Task prompt -> Your job is to reproduce all of the data exactly.

Input material ->
════════════════
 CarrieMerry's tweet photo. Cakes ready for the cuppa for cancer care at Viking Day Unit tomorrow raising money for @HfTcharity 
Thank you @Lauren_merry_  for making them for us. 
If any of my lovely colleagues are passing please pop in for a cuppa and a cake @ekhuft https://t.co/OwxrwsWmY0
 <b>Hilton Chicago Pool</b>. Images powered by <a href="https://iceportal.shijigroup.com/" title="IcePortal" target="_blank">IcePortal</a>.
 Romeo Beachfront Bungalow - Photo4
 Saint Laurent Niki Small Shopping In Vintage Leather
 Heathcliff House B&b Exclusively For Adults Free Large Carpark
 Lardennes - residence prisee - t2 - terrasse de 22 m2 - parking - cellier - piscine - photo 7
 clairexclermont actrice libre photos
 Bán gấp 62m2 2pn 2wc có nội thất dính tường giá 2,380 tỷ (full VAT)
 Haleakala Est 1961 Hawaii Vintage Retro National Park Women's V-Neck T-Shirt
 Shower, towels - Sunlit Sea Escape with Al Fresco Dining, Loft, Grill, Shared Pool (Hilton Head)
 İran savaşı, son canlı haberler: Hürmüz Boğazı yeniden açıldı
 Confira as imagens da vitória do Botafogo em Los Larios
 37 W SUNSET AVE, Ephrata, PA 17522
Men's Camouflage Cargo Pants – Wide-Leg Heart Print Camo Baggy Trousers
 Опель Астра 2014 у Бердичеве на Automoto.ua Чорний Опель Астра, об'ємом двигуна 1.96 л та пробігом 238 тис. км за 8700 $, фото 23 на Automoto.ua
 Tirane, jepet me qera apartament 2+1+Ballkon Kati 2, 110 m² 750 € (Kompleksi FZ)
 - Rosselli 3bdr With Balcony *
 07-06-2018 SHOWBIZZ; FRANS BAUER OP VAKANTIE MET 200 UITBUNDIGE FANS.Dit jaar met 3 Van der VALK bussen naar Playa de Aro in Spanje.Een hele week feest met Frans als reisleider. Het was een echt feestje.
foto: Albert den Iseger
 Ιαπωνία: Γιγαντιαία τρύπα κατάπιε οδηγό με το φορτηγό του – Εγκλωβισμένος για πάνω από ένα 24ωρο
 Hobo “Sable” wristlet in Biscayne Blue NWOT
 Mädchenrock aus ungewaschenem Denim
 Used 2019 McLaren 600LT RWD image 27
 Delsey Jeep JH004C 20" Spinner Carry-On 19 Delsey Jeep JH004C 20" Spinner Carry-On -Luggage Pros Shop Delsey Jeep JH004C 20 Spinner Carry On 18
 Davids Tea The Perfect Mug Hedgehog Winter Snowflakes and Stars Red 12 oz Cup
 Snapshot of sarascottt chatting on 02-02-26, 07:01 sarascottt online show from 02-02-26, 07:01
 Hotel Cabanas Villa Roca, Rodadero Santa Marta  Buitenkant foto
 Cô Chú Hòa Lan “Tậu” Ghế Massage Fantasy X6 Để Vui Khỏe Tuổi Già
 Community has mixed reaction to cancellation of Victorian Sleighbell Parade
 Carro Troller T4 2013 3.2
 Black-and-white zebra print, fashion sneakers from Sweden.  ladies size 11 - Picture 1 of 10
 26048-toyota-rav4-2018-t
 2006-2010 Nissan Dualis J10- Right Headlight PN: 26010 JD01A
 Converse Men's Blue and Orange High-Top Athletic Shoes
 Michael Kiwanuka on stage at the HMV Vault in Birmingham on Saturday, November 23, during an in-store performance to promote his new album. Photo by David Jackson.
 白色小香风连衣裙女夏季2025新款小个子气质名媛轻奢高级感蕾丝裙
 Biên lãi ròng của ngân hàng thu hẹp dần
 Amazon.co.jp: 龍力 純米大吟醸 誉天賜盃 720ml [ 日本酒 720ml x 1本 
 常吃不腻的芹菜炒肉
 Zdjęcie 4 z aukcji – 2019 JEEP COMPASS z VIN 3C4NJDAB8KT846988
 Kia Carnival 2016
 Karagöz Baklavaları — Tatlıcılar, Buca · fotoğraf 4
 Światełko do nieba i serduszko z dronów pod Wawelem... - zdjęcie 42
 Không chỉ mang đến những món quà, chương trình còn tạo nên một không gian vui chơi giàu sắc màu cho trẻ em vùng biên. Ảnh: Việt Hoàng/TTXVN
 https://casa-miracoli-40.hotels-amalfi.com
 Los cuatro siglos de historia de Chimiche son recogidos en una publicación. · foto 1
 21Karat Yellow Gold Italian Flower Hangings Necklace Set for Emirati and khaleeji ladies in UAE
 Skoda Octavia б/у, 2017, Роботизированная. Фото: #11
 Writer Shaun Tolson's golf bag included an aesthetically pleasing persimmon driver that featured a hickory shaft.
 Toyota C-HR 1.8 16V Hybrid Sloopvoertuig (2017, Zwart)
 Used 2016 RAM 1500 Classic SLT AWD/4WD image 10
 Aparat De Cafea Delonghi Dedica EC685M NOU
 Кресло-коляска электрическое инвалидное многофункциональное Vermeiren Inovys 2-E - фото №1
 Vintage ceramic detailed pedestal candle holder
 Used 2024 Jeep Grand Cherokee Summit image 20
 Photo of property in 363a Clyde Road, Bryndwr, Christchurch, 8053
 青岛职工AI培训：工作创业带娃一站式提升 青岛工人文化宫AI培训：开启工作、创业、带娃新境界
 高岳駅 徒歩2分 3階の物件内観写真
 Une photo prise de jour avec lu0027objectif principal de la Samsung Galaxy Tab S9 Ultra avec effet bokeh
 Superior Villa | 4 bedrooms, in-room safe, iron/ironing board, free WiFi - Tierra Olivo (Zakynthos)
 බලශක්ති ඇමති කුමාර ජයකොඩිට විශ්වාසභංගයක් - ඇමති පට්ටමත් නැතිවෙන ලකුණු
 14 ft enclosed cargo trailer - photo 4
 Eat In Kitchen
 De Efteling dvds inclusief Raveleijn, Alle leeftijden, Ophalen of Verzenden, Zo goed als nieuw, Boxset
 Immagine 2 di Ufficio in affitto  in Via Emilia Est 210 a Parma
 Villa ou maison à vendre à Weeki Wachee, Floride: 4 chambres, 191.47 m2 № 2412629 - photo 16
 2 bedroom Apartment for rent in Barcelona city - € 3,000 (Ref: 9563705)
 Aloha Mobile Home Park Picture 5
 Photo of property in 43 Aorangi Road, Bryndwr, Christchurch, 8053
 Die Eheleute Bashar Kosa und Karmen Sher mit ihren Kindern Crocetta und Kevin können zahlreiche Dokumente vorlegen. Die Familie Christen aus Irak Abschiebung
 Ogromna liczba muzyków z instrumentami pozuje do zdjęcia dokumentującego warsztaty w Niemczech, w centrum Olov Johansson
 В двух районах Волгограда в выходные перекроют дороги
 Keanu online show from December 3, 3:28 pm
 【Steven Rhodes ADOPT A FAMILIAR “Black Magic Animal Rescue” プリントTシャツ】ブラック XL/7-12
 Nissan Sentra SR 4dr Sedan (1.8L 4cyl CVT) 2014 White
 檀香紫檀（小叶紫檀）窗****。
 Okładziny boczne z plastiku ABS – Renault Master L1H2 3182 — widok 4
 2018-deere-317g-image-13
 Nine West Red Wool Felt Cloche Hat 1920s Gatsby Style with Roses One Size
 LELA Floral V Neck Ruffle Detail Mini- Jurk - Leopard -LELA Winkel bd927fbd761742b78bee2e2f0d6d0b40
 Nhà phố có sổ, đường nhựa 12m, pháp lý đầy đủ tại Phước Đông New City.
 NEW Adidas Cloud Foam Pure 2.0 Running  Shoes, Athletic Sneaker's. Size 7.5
════════════════
The answer ->
 CarrieMerry's tweet photo. Cakes ready for the cuppa for cancer care at Viking Day Unit tomorrow raising money for @HfTcharity 
Thank you @Lauren_merry_  for making them for us. 
If any of my lovely colleagues are passing please pop in for a cuppa and a cake @ekhuft https://t.co/OwxrwsWmY0
 <b>Hilton Chicago Pool</b>. Images powered by <a href="https://iceportal.shijigroup.com/" title="IcePortal" target="_blank">IcePortal</a>.
 Romeo Beachfront Bungalow - Photo4
 Saint Laurent Niki Small Shopping In Vintage Leather
 Heathcliff House B&b Exclusively For Adults Free Large Carpark
 Lardennes - residence prisee - t2 - terrasse de 22 m2 - parking - cellier - piscine - photo 7
 clairexclermont actrice libre photos
 Bán gấp 62m2 2pn 2wc có nội thất dính tường giá 2,380 tỷ (full VAT)
 Haleakala Est 1961 Hawaii Vintage Retro National Park Women's V-Neck T-Shirt
 Shower, towels - Sunlit Sea Escape with Al Fresco Dining, Loft, Grill, Shared Pool (Hilton Head)
 İran savaşı, son canlı haberler: Hürmüz Boğazı yeniden açıldı
 Confira as imagens da vitória do Botafogo em Los Larios
 37 W SUNSET AVE, Ephrata, PA 17522
Men's Camouflage Cargo Pants – Wide-Leg Heart Print Camo Baggy Trousers
 Опель Астра 2014 у Бердичеве на Automoto.ua Чорний Опель Астра, об'ємом двигуна 1.96 л та пробігом 238 тис. км за 8700 $, фото 23 на Automoto.ua
 Tirane, jepet me qera apartament 2+1+Ballkon Kati 2, 110 m² 750 € (Kompleksi FZ)
 - Rosselli 3bdr With Balcony *
 07-06-2018 SHOWBIZZ; FRANS BAUER OP VAKANTIE MET 200 UITBUNDIGE FANS.Dit jaar met 3 Van der VALK bussen naar Playa de Aro in Spanje.Een hele week feest met Frans als reisleider. Het was een echt feestje.
foto: Albert den Iseger
 Ιαπωνία: Γιγαντιαία τρύπα κατάπιε οδηγό με το φορτηγό του – Εγκλωβισμένος για πάνω από ένα 24ωρο
 Hobo “Sable” wristlet in Biscayne Blue NWOT
 Mädchenrock aus ungewaschenem Denim
 Used 2019 McLaren 600LT RWD image 27
 Delsey Jeep JH004C 20" Spinner Carry-On 19 Delsey Jeep JH004C 20" Spinner Carry-On -Luggage Pros Shop Delsey Jeep JH004C 20 Spinner Carry On 18
 Davids Tea The Perfect Mug Hedgehog Winter Snowflakes and Stars Red 12 oz Cup
 Snapshot of sarascottt chatting on 02-02-26, 07:01 sarascottt online show from 02-02-26, 07:01
 Hotel Cabanas Villa Roca, Rodadero Santa Marta  Buitenkant foto
 Cô Chú Hòa Lan “Tậu” Ghế Massage Fantasy X6 Để Vui Khỏe Tuổi Già
 Community has mixed reaction to cancellation of Victorian Sleighbell Parade
 Carro Troller T4 2013 3.2
 Black-and-white zebra print, fashion sneakers from Sweden.  ladies size 11 - Picture 1 of 10
 26048-toyota-rav4-2018-t
 2006-2010 Nissan Dualis J10- Right Headlight PN: 26010 JD01A
 Converse Men's Blue and Orange High-Top Athletic Shoes
 Michael Kiwanuka on stage at the HMV Vault in Birmingham on Saturday, November 23, during an in-store performance to promote his new album. Photo by David Jackson.
 白色小香风连衣裙女夏季2025新款小个子气质名媛轻奢高级感蕾丝裙
 Biên lãi ròng của ngân hàng thu hẹp dần
 Amazon.co.jp: 龍力 純米大吟醸 誉天賜盃 720ml [ 日本酒 720ml x 1本 
 常吃不腻的芹菜炒肉
 Zdjęcie 4 z aukcji – 2019 JEEP COMPASS z VIN 3C4NJDAB8KT846988
 Kia Carnival 2016
 Karagöz Baklavaları — Tatlıcılar, Buca · fotoğraf 4
 Światełko do nieba i serduszko z dronów pod Wawelem... - zdjęcie 42
 Không chỉ mang đến những món quà, chương trình còn tạo nên một không gian vui chơi giàu sắc màu cho trẻ em vùng biên. Ảnh: Việt Hoàng/TTXVN
 https://casa-miracoli-40.hotels-amalfi.com
 Los cuatro siglos de historia de Chimiche son recogidos en una publicación. · foto 1
 21Karat Yellow Gold Italian Flower Hangings Necklace Set for Emirati and khaleeji ladies in UAE
 Skoda Octavia б/у, 2017, Роботизированная. Фото: #11
 Writer Shaun Tolson's golf bag included an aesthetically pleasing persimmon driver that featured a hickory shaft.
 Toyota C-HR 1.8 16V Hybrid Sloopvoertuig (2017, Zwart)
 Used 2016 RAM 1500 Classic SLT AWD/4WD image 10
 Aparat De Cafea Delonghi Dedica EC685M NOU
 Кресло-коляска электрическое инвалидное многофункциональное Vermeiren Inovys 2-E - фото №1
 Vintage ceramic detailed pedestal candle holder
 Used 2024 Jeep Grand Cherokee Summit image 20
 Photo of property in 363a Clyde Road, Bryndwr, Christchurch, 8053
 青岛职工AI培训：工作创业带娃一站式提升 青岛工人文化宫AI培训：开启工作、创业、带娃新境界
 高岳駅 徒歩2分 3階の物件内観写真
 Une photo prise de jour avec lu0027objectif principal de la Samsung Galaxy Tab S9 Ultra avec effet bokeh
 Superior Villa | 4 bedrooms, in-room safe, iron/ironing board, free WiFi - Tierra Olivo (Zakynthos)
 බලශක්ති ඇමති කුමාර ජයකොඩිට විශ්වාසභංගයක් - ඇමති පට්ටමත් නැතිවෙන ලකුණු
 14 ft enclosed cargo trailer - photo 4
 Eat In Kitchen
 De Efteling dvds inclusief Raveleijn, Alle leeftijden, Ophalen of Verzenden, Zo goed als nieuw, Boxset
 Immagine 2 di Ufficio in affitto  in Via Emilia Est 210 a Parma
 Villa ou maison à vendre à Weeki Wachee, Floride: 4 chambres, 191.47 m2 № 2412629 - photo 16
 2 bedroom Apartment for rent in Barcelona city - € 3,000 (Ref: 9563705)
 Aloha Mobile Home Park Picture 5
 Photo of property in 43 Aorangi Road, Bryndwr, Christchurch, 8053
 Die Eheleute Bashar Kosa und Karmen Sher mit ihren Kindern Crocetta und Kevin können zahlreiche Dokumente vorlegen. Die Familie Christen aus Irak Abschiebung
 Ogromna liczba muzyków z instrumentami pozuje do zdjęcia dokumentującego warsztaty w Niemczech, w centrum Olov Johansson
 В двух районах Волгограда в выходные перекроют дороги
 Keanu online show from December 3, 3:28 pm
 【Steven Rhodes ADOPT A FAMILIAR “Black Magic Animal Rescue” プリントTシャツ】ブラック XL/7-12
 Nissan Sentra SR 4dr Sedan (1.8L 4cyl CVT) 2014 White
 檀香紫檀（小叶紫檀）窗****。
 Okładziny boczne z plastiku ABS – Renault Master L1H2 3182 — widok 4
 2018-deere-317g-image-13
 Nine West Red Wool Felt Cloche Hat 1920s Gatsby Style with Roses One Size
 LELA Floral V Neck Ruffle Detail Mini- Jurk - Leopard -LELA Winkel bd927fbd761742b78bee2e2f0d6d0b40
 Nhà phố có sổ, đường nhựa 12m, pháp lý đầy đủ tại Phước Đông New City.
 NEW Adidas Cloud Foam Pure 2.0 Running  Shoes, Athletic Sneaker's. Size 7.5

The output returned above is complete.